TTYU Retro: Some Thoughts on Meter

I was writing a song for my most recent short story over this weekend, and I ended up drafting it, having it turn out awful, then realizing I had a bit of a metrical structure developing. When I followed that, the song totally changed and turned out quite well. As I say sometimes to my friends, I'm not so good at rhyme, but meter I can do.

I thought I'd share this post with you again so that you might be able to do some meter, too.


I'm talking about poetic meter. You know, what we learned when we learned Shakespeare, mostly iambic pentameter, but also spondaic tetrameter or trochaic hexameter or any of those other bizarrely named things.

Here's a brief review of a few terms, with examples.

foot: a set of grouped syllables that form the most basic unit of a metrical pattern.
iamb: a foot with one weak syllable followed by one strong syllable. x X "She comes."= 1 iamb
trochee: a foot with one strong syllable followed by one weak syllable. X x "Hit her." = 1 trochee
spondee: a foot with two stressed syllables. X X "Bob Smith" = 1 spondee
anapest: a foot with two weak syllables followed by one strong one. x x X "He has gone to the edge of the road."= 3 anapests
dactyl: a foot with one strong syllable followed by two weak ones. X x x "Gone are the days of the foresters."= 3 dactyls

Meter is not just for poetry and Shakespearean plays.

Whether in poetry or prose, meter is all about flow - the feel of the language as it streams by. I once read a discussion on the Absolute Write forum which concerned the difference between "on" and "upon" and which should be used in a particular context. My own sense came far more from an instinctive desire to align the meter of the sentence in question than from a general preference for "upon" versus "on."

It is often said that the natural meter of English is iambic. This is because we generally like our sentences to have an alternating pattern of strong and weak syllables. I have a character in a novel of mine who speaks entirely in iambic pentameter, and while he does sound archaic at times, my goal is not to have any of his lines come across as ta-TUM-tee-UM-tee-UM-tee-UM-tee-UM. Fortunately, there is some flexibility in the metrical rules which allows for the occasional foot with reversed stress, and the occasional extra syllable.

Here's a random couplet of iambic pentameter (totally unrelated to my novel!) which doesn't sound much like poetry to me:

"In utero, the baby undergoes a lengthy process of uneven growth."

By altering this natural rhythm, you can achieve effects that act a lot like onomatopoeia. In action and situations of stress you can use strong syllables to break flow intentionally: a few trochees and spondees can go a long way. This is one of the things that can help you create the effect of a regional accent, for example, without requiring extensive alterations of spelling.

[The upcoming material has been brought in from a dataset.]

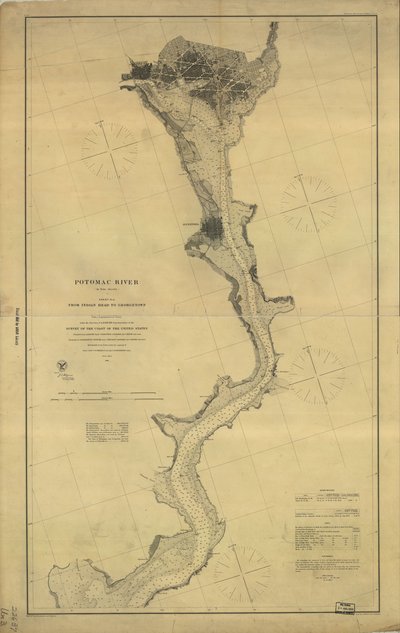 Potomac River (i fire ark): Ark nr. 4, fra Indian Head til Georgetown av A. D. United States Coast Survey; Bache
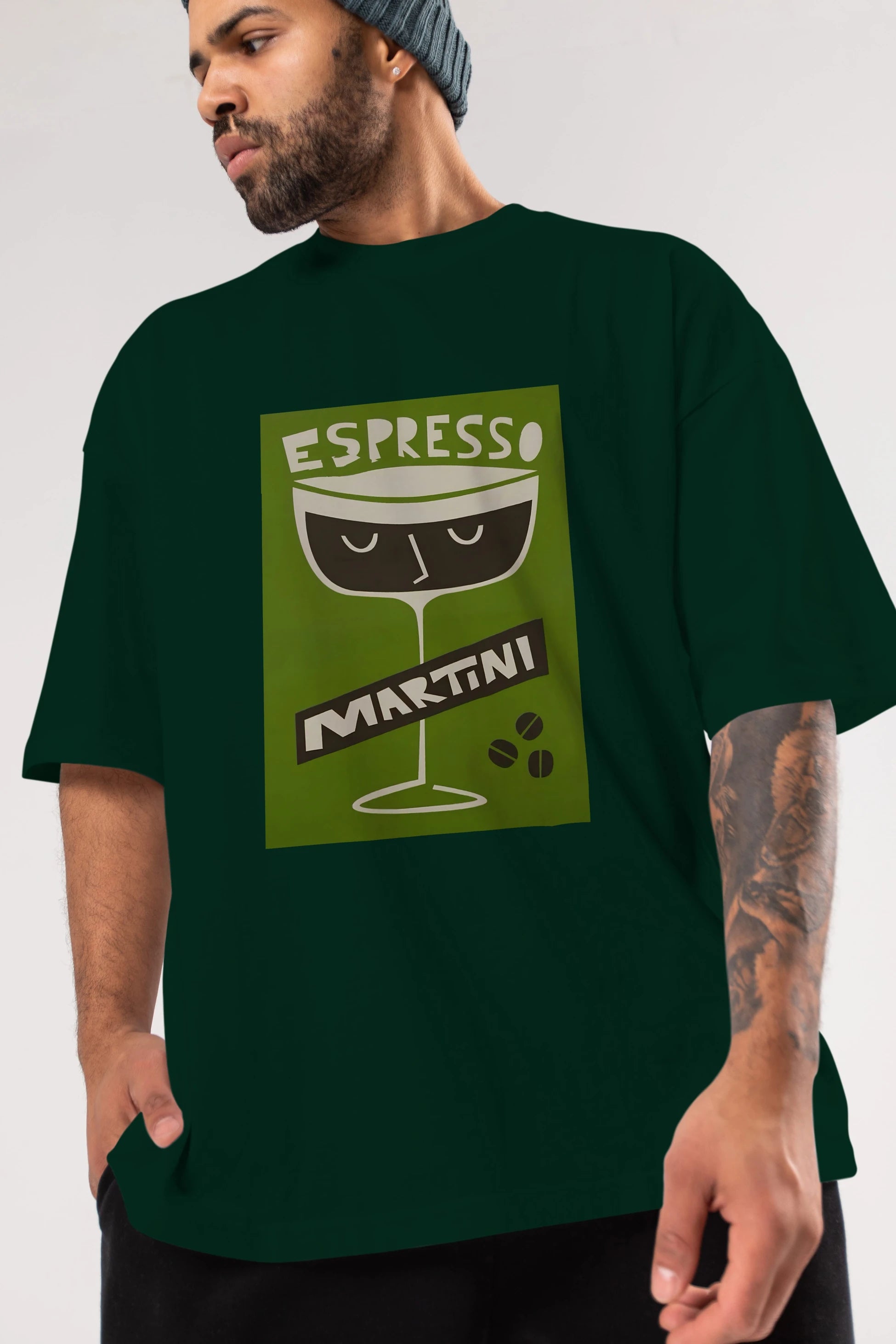 Espresso Martini 2 Ön Baskılı Oversize t-shirt Erkek Kadın Unisex %100 Pamuk Bisiklet Yaka tişort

When I'm looking for a voice for an alien, I make sure to consider the meter of his or her speech, even if I don't use that meter strictly in the alien viewpoint. The gecko-girl Allayo (Let the Word Take Me, Analog, July/Aug 2008) spoke in an unmeasured meter that I based on the intonation of sacred readings, because that fit well with the fact that she considered her language to be sacred. When I thought about designing a wolf alien (Rulii, Cold Words, Analog Oct 2009), I tried to use anapests to influence the dialogue so that the speech would come across in a loping rhythm.

All right, that's enough for now. I'll let you go have fun with it.

1 comment:

  1. That's very cool. I like the idea of using cadence as another way to distinguish voice between characters, even when they are of similar backgrounds. And I have changed orders of words in a list to fit better in sound.